Visual clues and precursors punctuate the narrative, including god’s eye view shots that speak to the labyrinthine plot. But the impeccable technique only serves to enhance the emotional friction and buried tragedy. This is the best under-seen series of the streaming era.
Watch Homecoming on Amazon Prime
The OA (Netflix, two seasons)
Dimensional leaps through interpretative dance, possession by an ancient telepathic octopus, a house gamers compete to enter that defies the rules of space and time… the headline oddities from Netflix’s otherworldly drama are the embodiment of mind-bending. But what wins out is that the show’s creators, the independent filmmaking team of director Zal Batmanglij and lead actor Brit Marling, always root their wondrous science-fiction offshoot in a believable milieu that acknowledges and tries to understand these gambits.
Fittingly, for a show where plants are seen growing into human brains, this puzzle-box feels organic, maintaining genuine characters to fuel the metaphysical wonder and testing of personal faith.

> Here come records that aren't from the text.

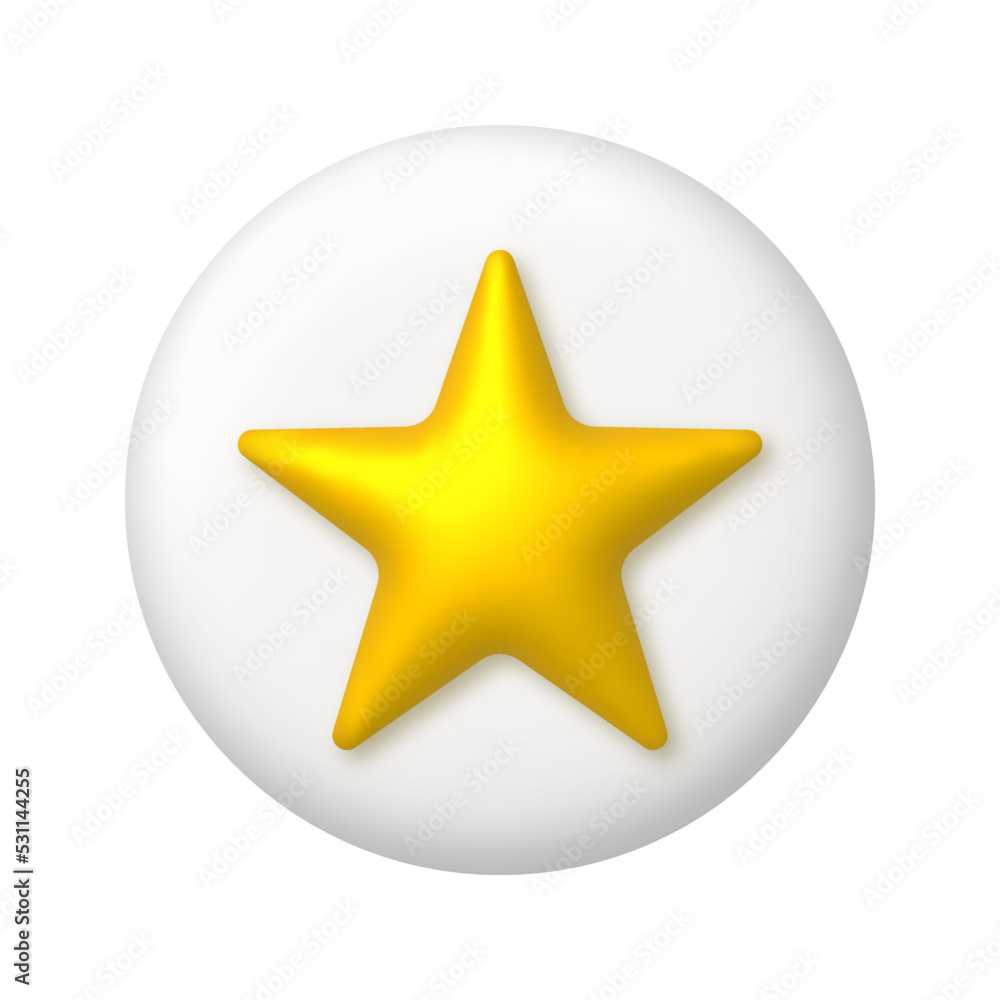 Golden metal star sign on white button. 3d realistic vector design element. Golden metal star sign on white button. 3d realistic vector design element.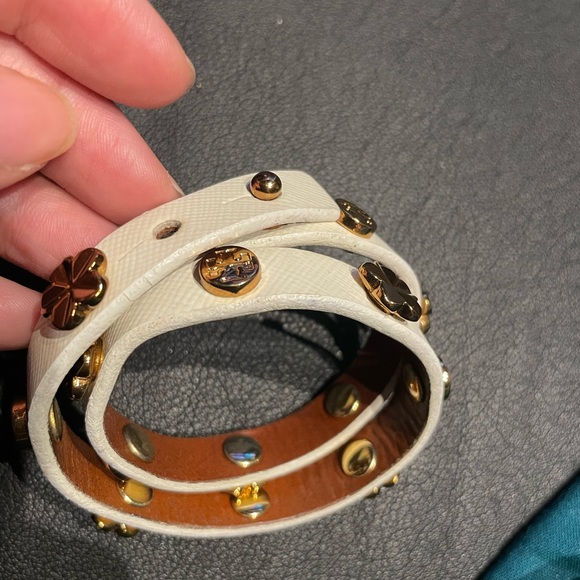 Double Banded Layer Wrap Leather Logo Stud Bracelet Gold Grommet Rivet Hardware - Picture 2 of 12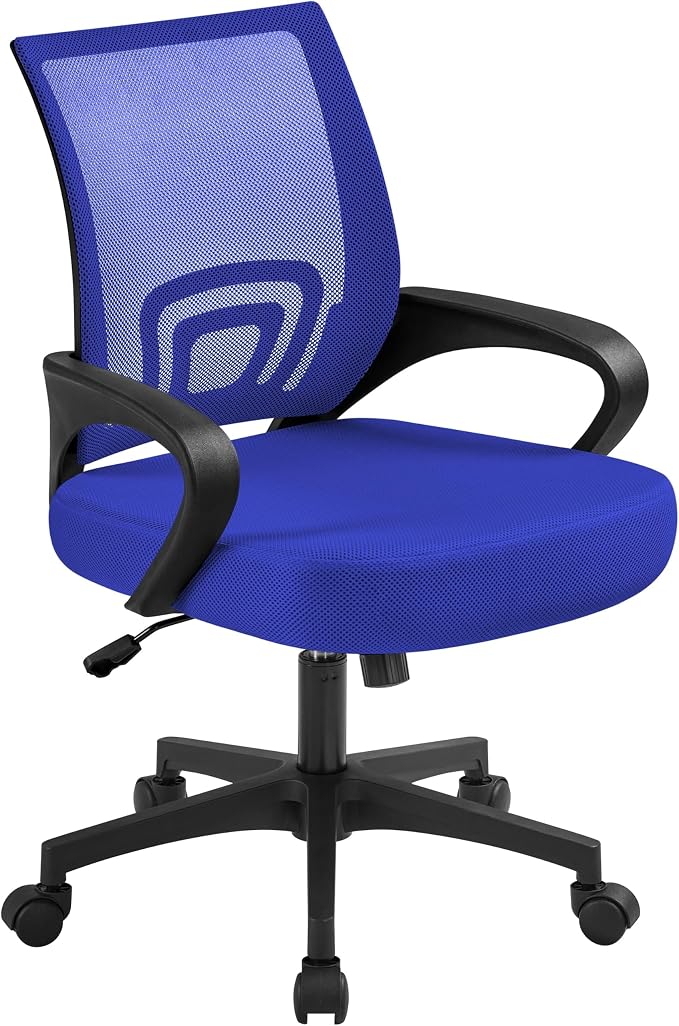Topeakmart Executive Desk Chair Ergonomic Mesh Back Office Chair Adjustable Work Chair with Lumbar Support and Swivel Rolling Wheels for Home Office Study, Blue
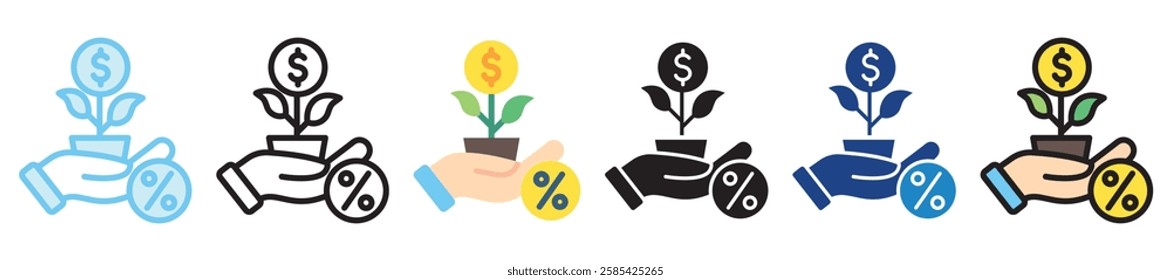 Microfinance Loans multi style, mini illustration icon. outline, flat, glyph, dual tone, line color, UI, UX kit, app and web development, digital or print. For finance, business, economy.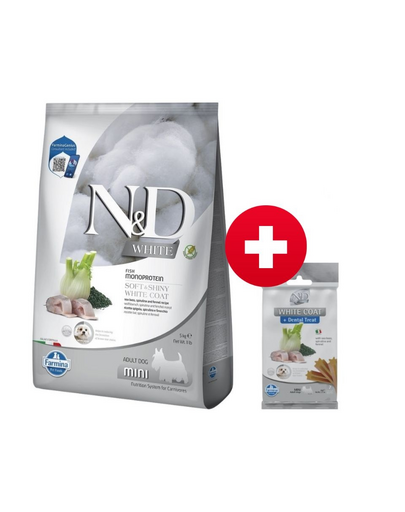 FARMINA N&D White Dog Adult Mini Tőkehal, Spirulina, Édeskömény 5 kg + FARMINA N&D White Dental Treat Coat Tőkehal Mini 60 g (7 db) AJÁNDÉK!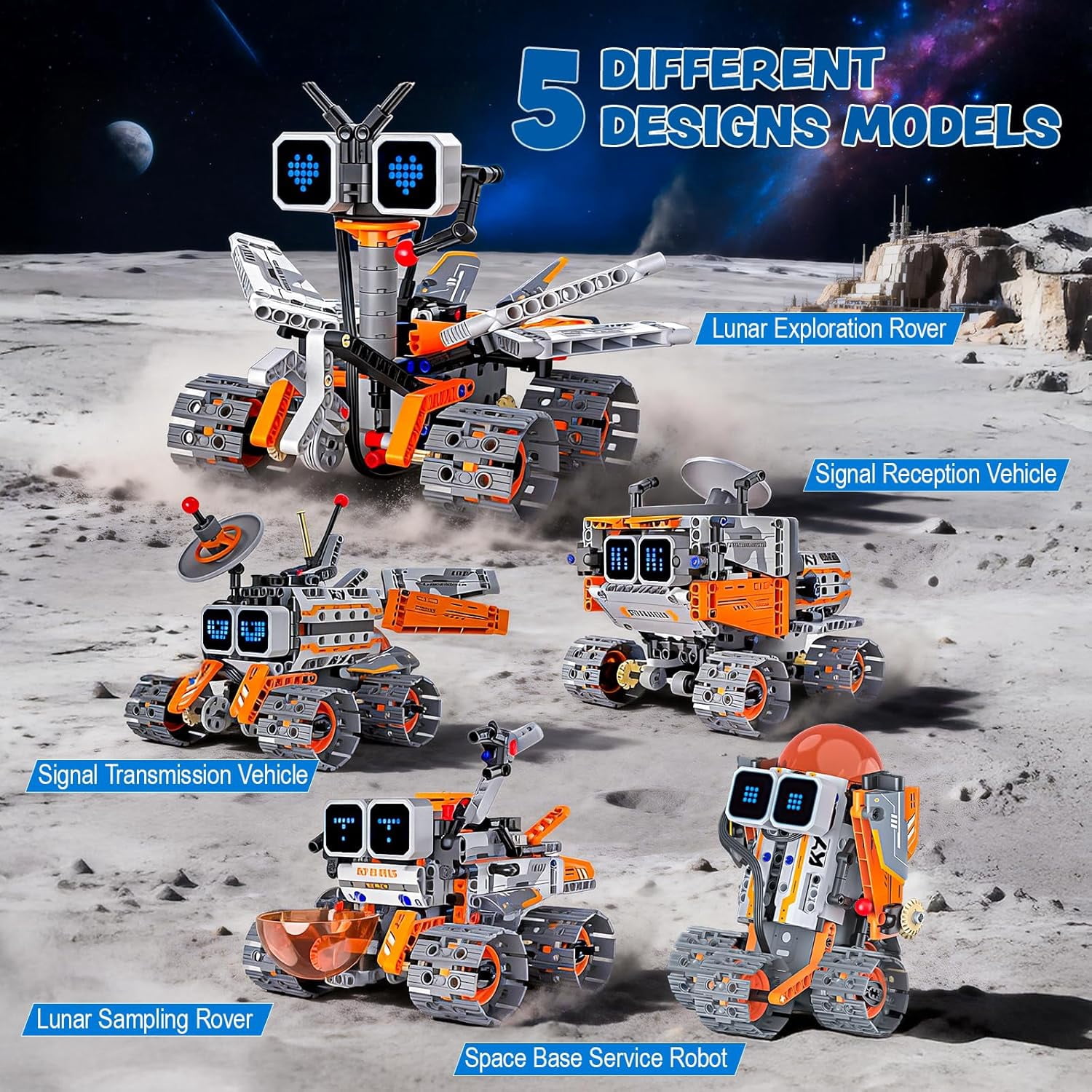 Ylutex Robot Building Block Set, 5-in-1 STEM RC Robot Building Set with App & Remote Control, Rechargeable Building Blocks Coding Robot Toy with LED Lights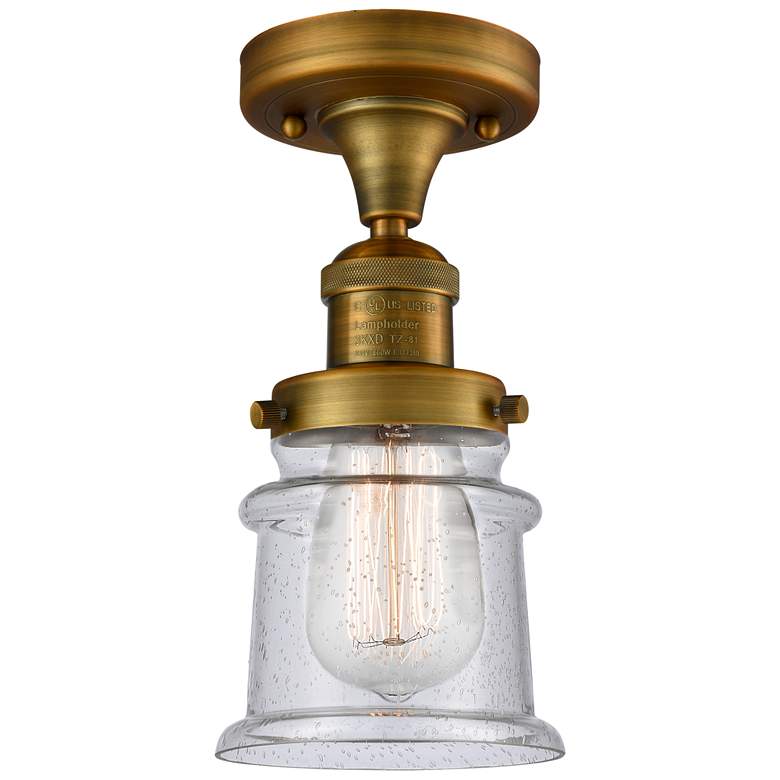Image 1 Canton 6" Wide Brushed Brass Semi Flush Mount w/ Seedy Shade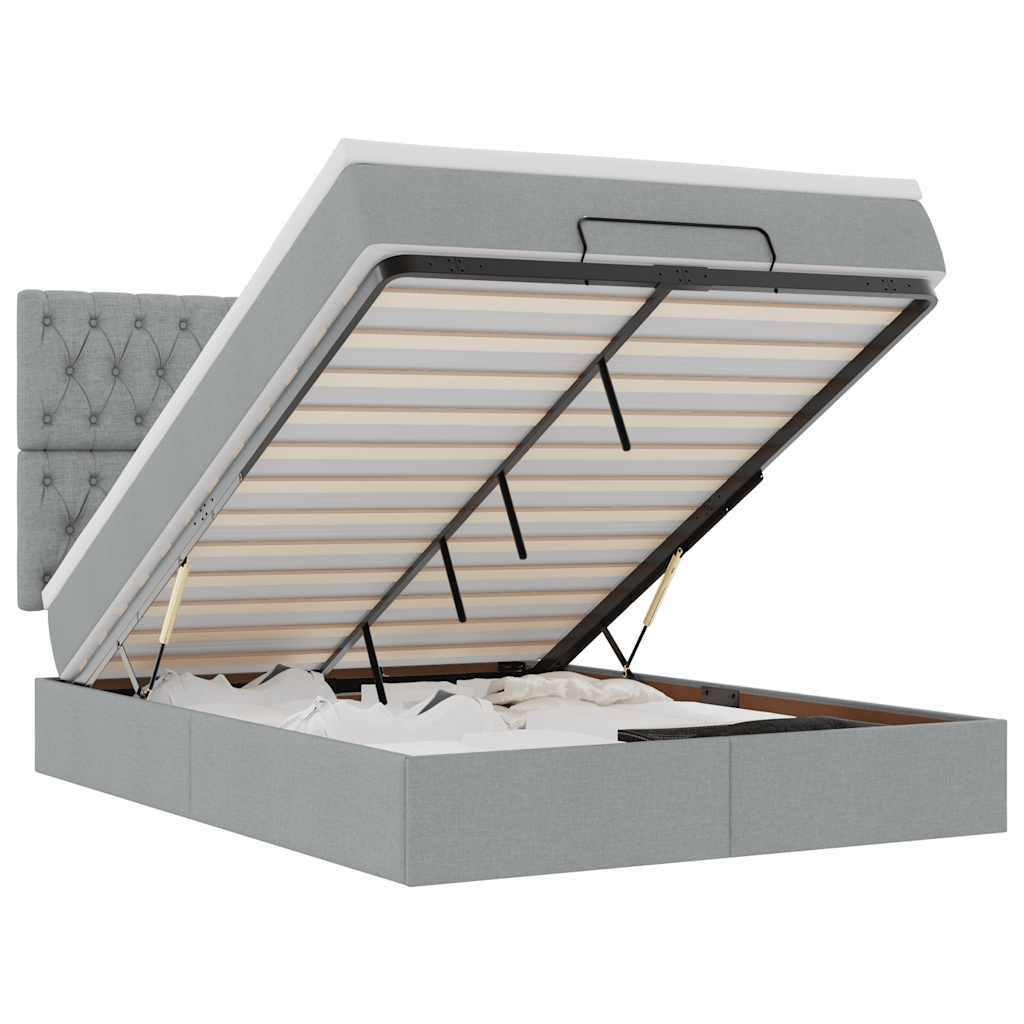 Ottoman-Bett mit Matratze Hellgrau 140x190 cm Stoff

The show might throw you, but give it a chance by watching until the opening credits of the first episode (granted, they’re 57 minutes in).
The X-Files (SBS on Demand, nine seasons)
The originator of the ‘out there’. Initially airing for nine seasons between 1993 and 2002, the enquiries of FBI special agents Fox Mulder (David Duchovny) and Dana Scully (Gillian Anderson) were the gateway drug for conspiracy theories, body horror creepiness, and various strange frequencies on television. What used to be pulpy filler on Chris Carter’s network hit now feels like a prediction of our current society’s weird, downwardly spiralling obsessions.
With a mammoth 202 episodes on offer, the show alternates – sometimes frustratingly – between creature of the week cases and the overriding narrative of Mulder’s obsessive search for answers about an insidious alien presence on Earth. What holds it together is the complementary performance of the two leads and a pithy, paranoid outlook. The narrative’s enduring villain was simply known as the Cigarette Smoking Man.